_Records shown:_
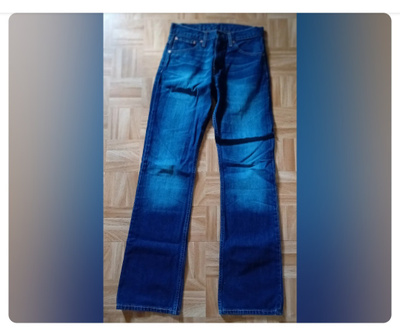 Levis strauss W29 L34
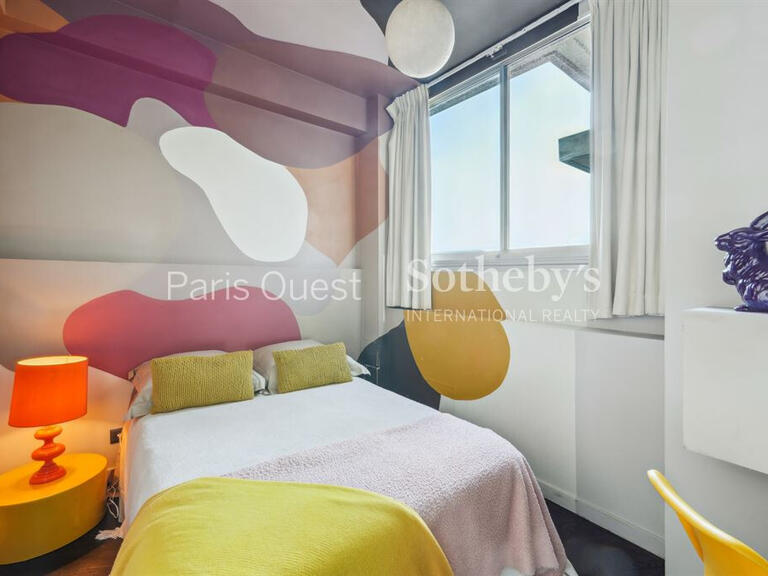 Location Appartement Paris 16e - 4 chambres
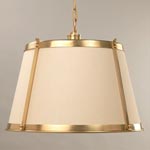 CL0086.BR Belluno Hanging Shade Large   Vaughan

* * *

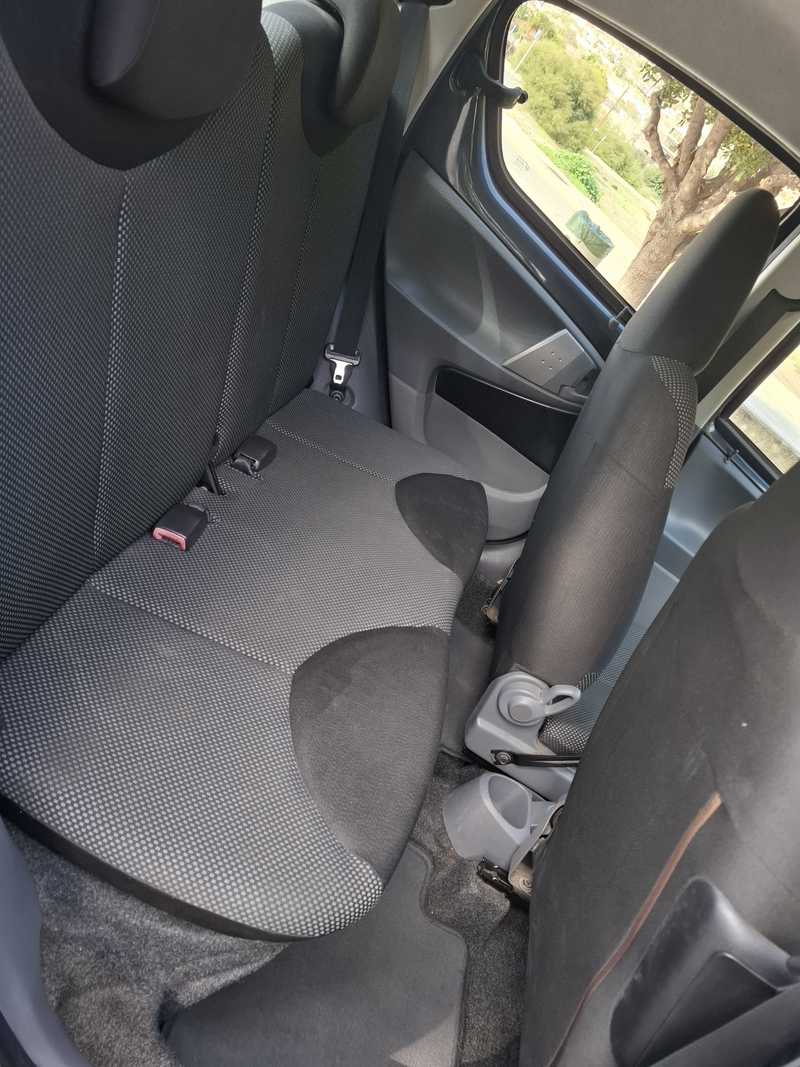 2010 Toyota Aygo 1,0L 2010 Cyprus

_Required action:_
Find the line with "Levis strauss W29 L34" in the entries above. Set down exactly every line from it up to and including the line with "CL0086.BR Belluno Hanging", images excluded.

_Solved problem:_
 Levis strauss W29 L34
 Location Appartement Paris 16e - 4 chambres
 CL0086.BR Belluno Hanging Shade Large   Vaughan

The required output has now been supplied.